◆ Task goal: From the listing below, please restate exactly the lines beginning at the one with "Ravensburger Le Tre" and ending at the one with "Perayaan Gol Pertama PSGC Vs Persitara", both included, and skip the pictures.

◆ Material for the task:
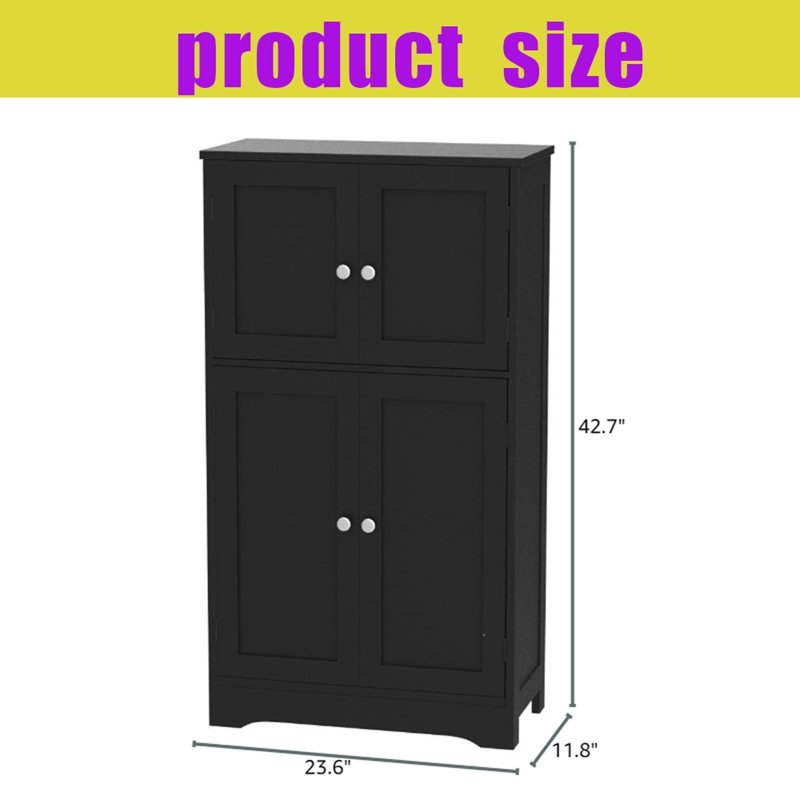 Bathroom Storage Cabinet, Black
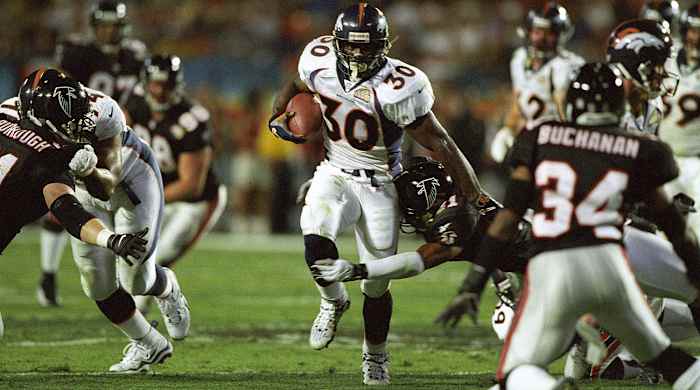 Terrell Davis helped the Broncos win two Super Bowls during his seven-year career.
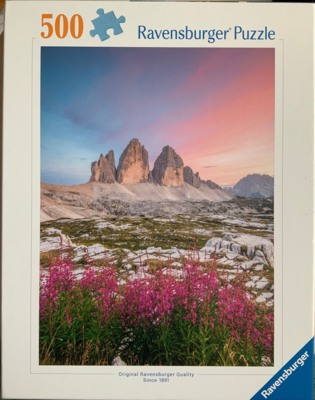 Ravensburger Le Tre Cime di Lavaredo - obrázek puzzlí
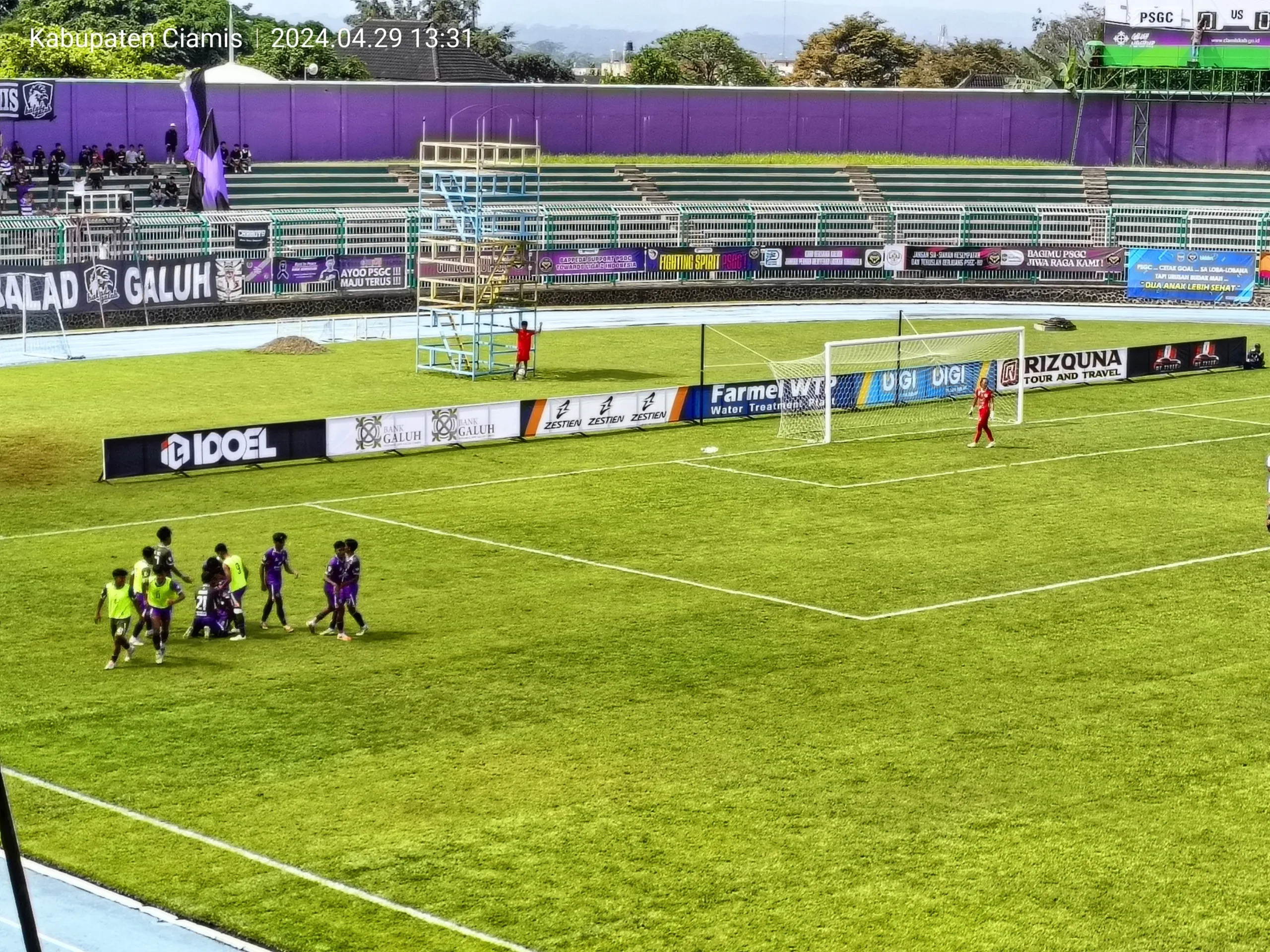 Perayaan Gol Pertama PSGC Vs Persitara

* * *

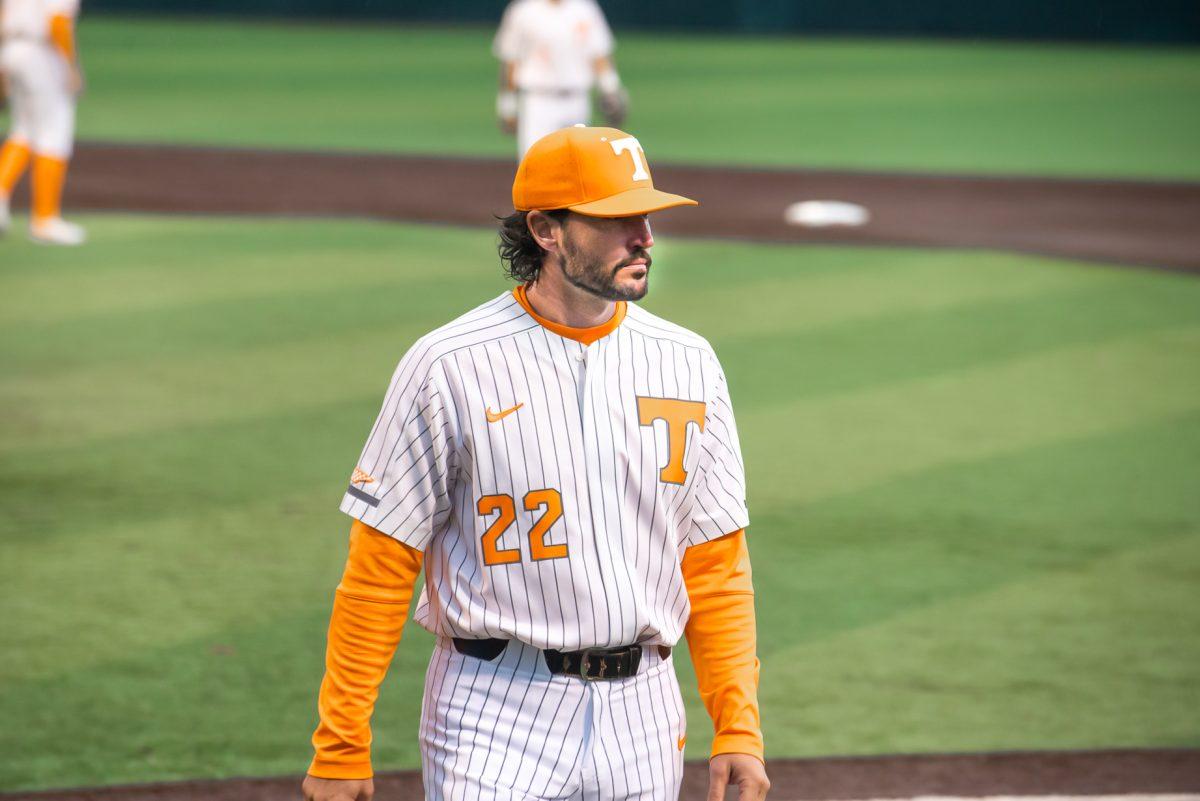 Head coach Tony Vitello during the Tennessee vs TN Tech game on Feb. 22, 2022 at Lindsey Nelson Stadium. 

◆ Expected answer:
 Ravensburger Le Tre Cime di Lavaredo - obrázek puzzlí
 Perayaan Gol Pertama PSGC Vs Persitara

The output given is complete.